Del resto dal primo quadrimestre arrivano segnali congiunturali positivi: +2,9% la produzione con un +1% di domanda interna e dopo il -1,8% del 2013; un export in espansione (+4% in volume e +1,5% in valore in cui spicca la chimica fine e specialistica); previsioni di chiusura d'anno con +2% di produzione.

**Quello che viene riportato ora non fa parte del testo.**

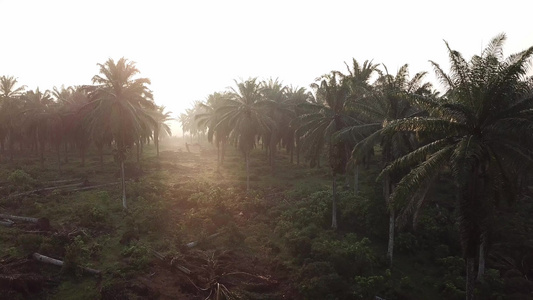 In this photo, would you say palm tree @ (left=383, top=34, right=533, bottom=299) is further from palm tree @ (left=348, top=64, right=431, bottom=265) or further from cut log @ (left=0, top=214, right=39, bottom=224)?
cut log @ (left=0, top=214, right=39, bottom=224)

Insomma, segni positivi che spingono ancora di più la corazzata dell'industria chimica italiana (52 miliardi di euro di valore della produzione nel 2013; terzo produttore chimico europeo dopo Germania e Francia) a sentirsi davanti a un bivio.

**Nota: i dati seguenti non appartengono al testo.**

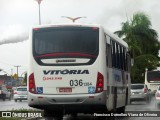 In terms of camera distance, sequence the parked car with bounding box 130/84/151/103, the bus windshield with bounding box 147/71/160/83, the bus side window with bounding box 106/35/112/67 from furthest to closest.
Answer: the bus windshield with bounding box 147/71/160/83, the parked car with bounding box 130/84/151/103, the bus side window with bounding box 106/35/112/67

Da parte delle imprese c'è però come l'amara consapevolezza di non sentirsi purtroppo le sole artefici della propria fortuna. «L'efficienza della pubblica amministrazione è un must delle imprese chimiche e di Federchimica, perché prima degli altri siamo consapevoli che ne va della sopravvivenza dell'industria nel nostro Paese», spiega il presidente di Confindustria Giorgio Squinzi senza nascondere la sua «emozione» per il ritorno a casa, fra gli industriali della chimica.
E quindi, se «la chimica è uno dei settori, se non il settore, dove la competitività dipende di più proprio dalle condizioni esterne delle imprese», il presidente di Federchimica Puccioni – durante l'assemblea cui hanno preso parte anche il governatore della Lombardia Roberto Maroni, il ministro delle Infrastrutture Maurizio Lupi, il commissario Ue uscente all'Industria Antonio Tajani e l'economista Alberto Quadrio Curzio – non deve far altro che aprire il cahier de doleances che purtroppo si ripete anno dopo anno. Un numero su tutti: «Su dieci ricercatori tre sono ormai completamente assorbiti da attività di regolamentazione, di fatto sottratti alla ricerca». Sia chiaro, puntualizza Puccioni: «Non vogliamo meno controlli, ma la chimica deve essere regolamentata in modo semplice, chiaro e stabile, con un'amministrazione al servizio delle imprese e non contro di esse».
Scendendo poi nel dettaglio, il Sistri «è un sistema di tracciabilità dei rifiuti pericolosi sconosciuto in tutti gli altri Paesi europei». C'è poi «il costo dell'energia: le nostre imprese non possono sostenere un divario di costo del 30% con i competitor». E lì dove non arriva l'Italia ci si mette l'Europa. «Quando guardo a cosa il Reach ha comportato per le imprese chimiche italiane ed europee c'è da rabbrividire».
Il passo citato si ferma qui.